Registered packages are downloaded and installed using the official METADATA.jl repository. A different METADATA repository location can also be provided if required:

julia> Pkg.init("https://julia.customrepo.com/METADATA.jl.git", "branch") 

Developing packages

Julia allows us to view the source code and as it is tracked by Git, the full development history of all the installed packages is available. We can also make our desired changes and commit to our own repository, or do bug fixes and contribute enhancements upstream.

You may also want to create your own packages and publish them at some point in time. Julia's package manager allows you to do that too.

It is a requirement that Git is installed on the system and the developer needs an account at their hosting provider of choice (GitHub, Bitbucket, and so on). Having the ability to communicate over SSH is preferred—to enable that, upload your public ssh-key to your hosting provider.

Creating a new package

It is preferable to have the REQUIRE file in the package repository. This should have the bare minimum of a description of the Julia version.

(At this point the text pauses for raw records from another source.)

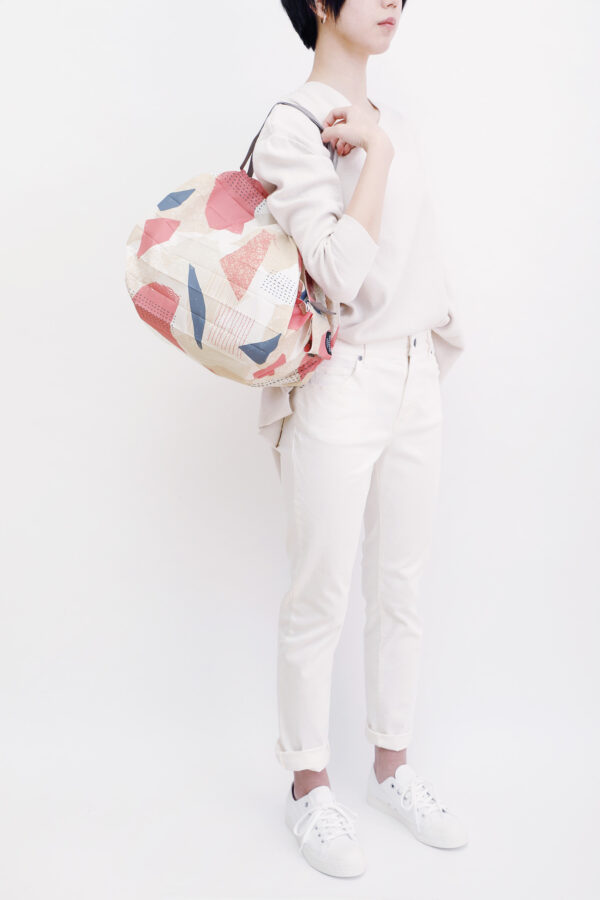 Shupatto compact foldable shopping bag size M - Scraps (Hagire) - Image 3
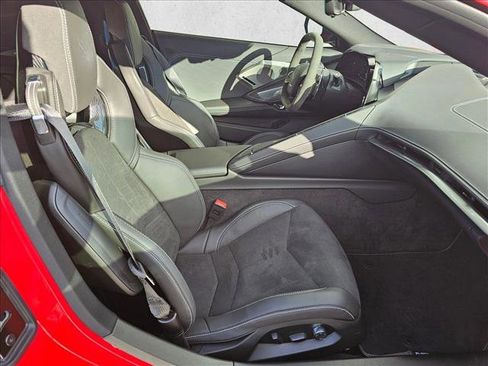 Used 2024 Chevrolet Corvette Stingray Preferred Cpe w/ Z51 Performance Package image 11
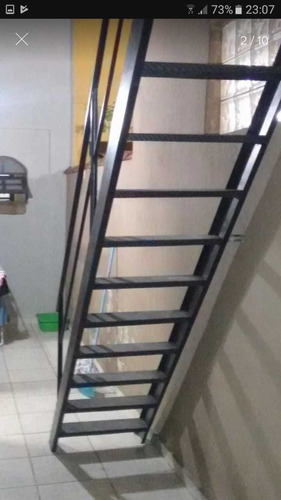 Imagem 4 de 10 de Escada De Ferro Reta 4.00x50 Chapa Frisada
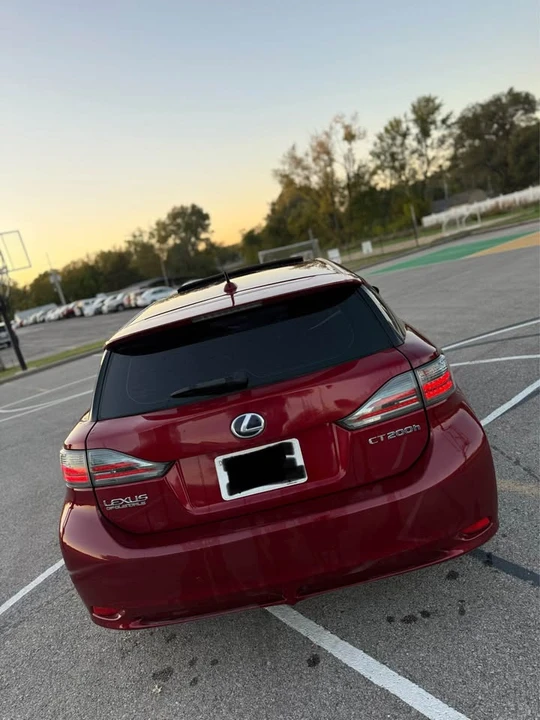 2012 Lexus CT - Image 7 of 19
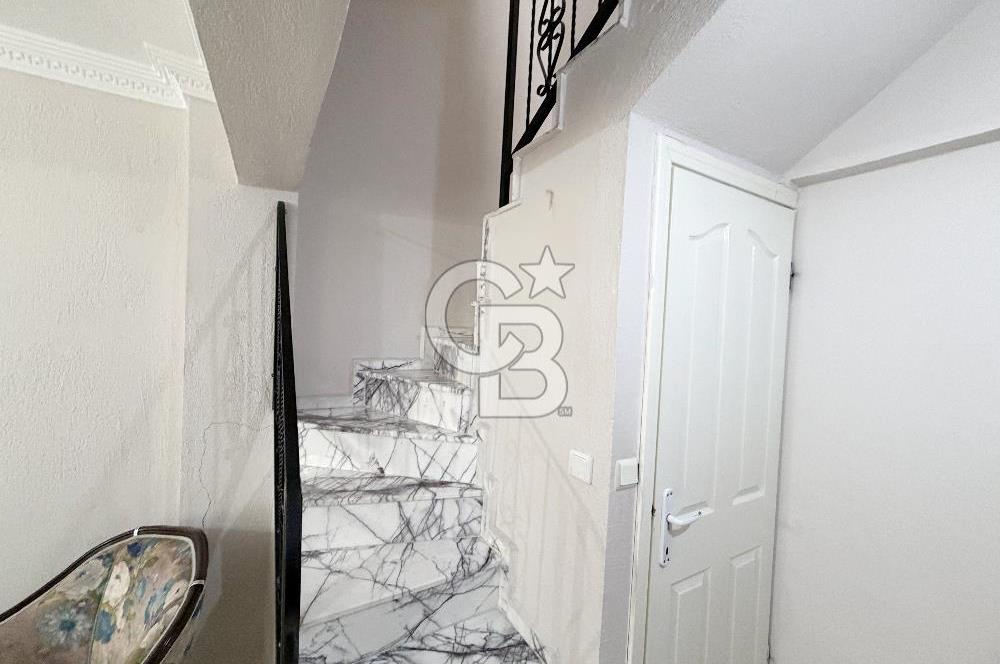 Çandarlı'nın En Güzel Konumunda Denize Yakın Satılık 3+1 Villa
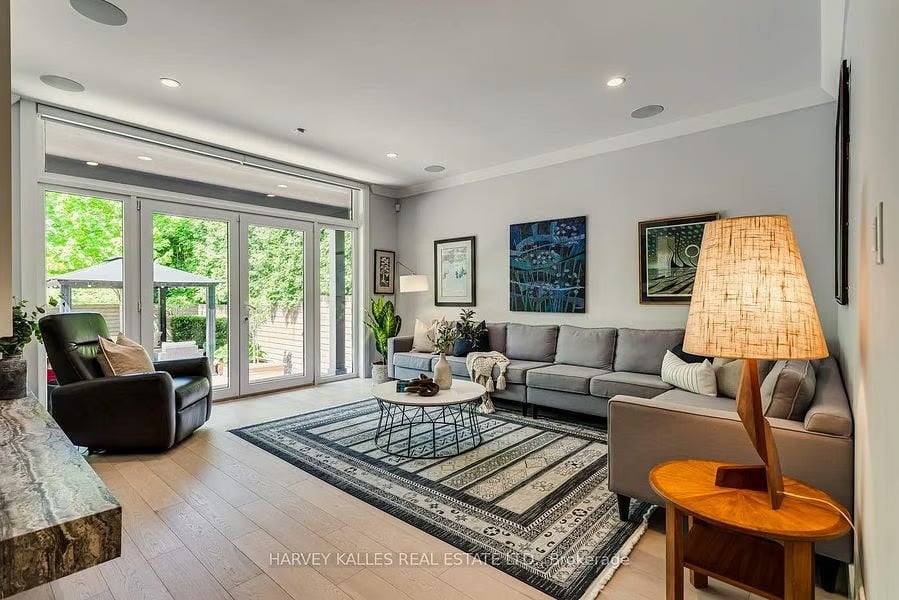 91 Otter Cres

For example, if we would like to create a new Julia package called HelloWorld we would have the following:

Pkg.generate("HelloWorld", "MIT") 

Here, HelloWorld is the package that we want to create and MIT is the license that our package will have. The license should be known to the package generator.

This will create a directory as follows: ~/.julia/v0.4/HelloWorld. The directory that is created is initialized as a Git repository. Also, all the files required by the package are kept in this directory. This directory is then committed to the repository.

This can now be pushed to the remote repository for the world to use.

Parallel computation using Julia

Advancement in modern computing has led to multi-core CPUs in systems and sometimes these systems are combined together in a cluster capable of performing a task which a single system might not be able to perform alone, or if it did it would take an undesirable amount of time. Julia's environment of parallel processing is based on message passing. Multiple processes are allowed for programs in separate memory domains.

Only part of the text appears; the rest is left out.